*** TASK INPUT
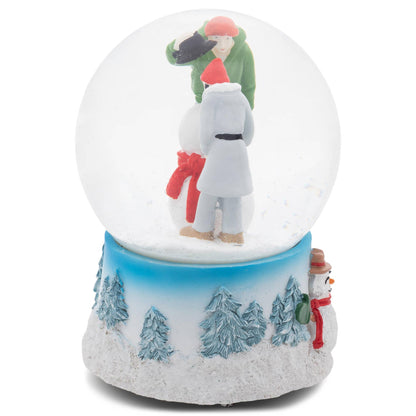 Building Snowman Christmas Musical Snow Globe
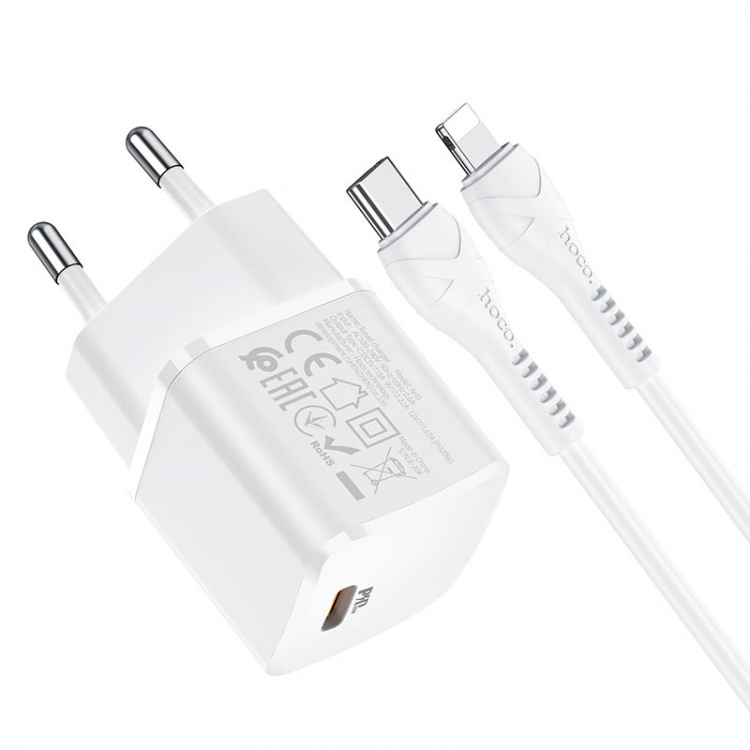 HOCO N10 Белый ЗУ с TYPE-C + кабель IOS Lighting (PD20W, 3000mA)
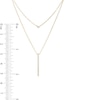 Thumbnail Image 3 of Previously Owned - 1/5 CT. T.W. Diamond Linear Bar Double Strand Necklace in 10K Gold - 20&quot;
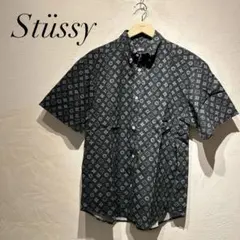 STUSSY USA製 90s モノグラム 総柄 半袖シャツ ブラック L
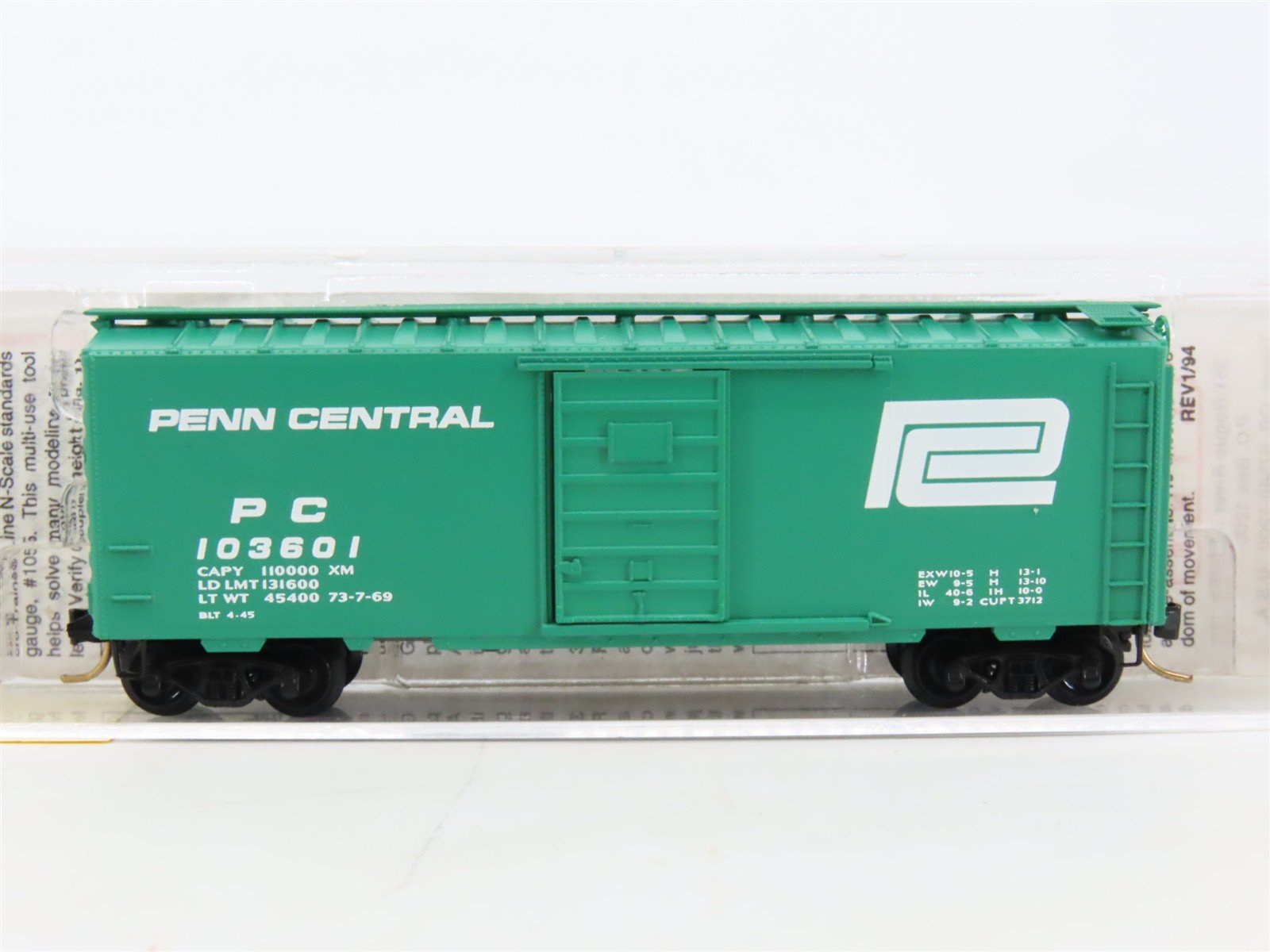 N Scale Micro-Trains MTL 20160 PC Penn Central 40' Single Door Box Car #103601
******
> **WHAT IS BEING ASKED**: Except for the pictures, print the data above exactly.

> **FINISHED TASK**:
 Building Snowman Christmas Musical Snow Globe
 HOCO N10 Белый ЗУ с TYPE-C + кабель IOS Lighting (PD20W, 3000mA)
 Thumbnail Image 3 of Previously Owned - 1/5 CT. T.W. Diamond Linear Bar Double Strand Necklace in 10K Gold - 20&quot;
 STUSSY USA製 90s モノグラム 総柄 半袖シャツ ブラック L
 N Scale Micro-Trains MTL 20160 PC Penn Central 40' Single Door Box Car #103601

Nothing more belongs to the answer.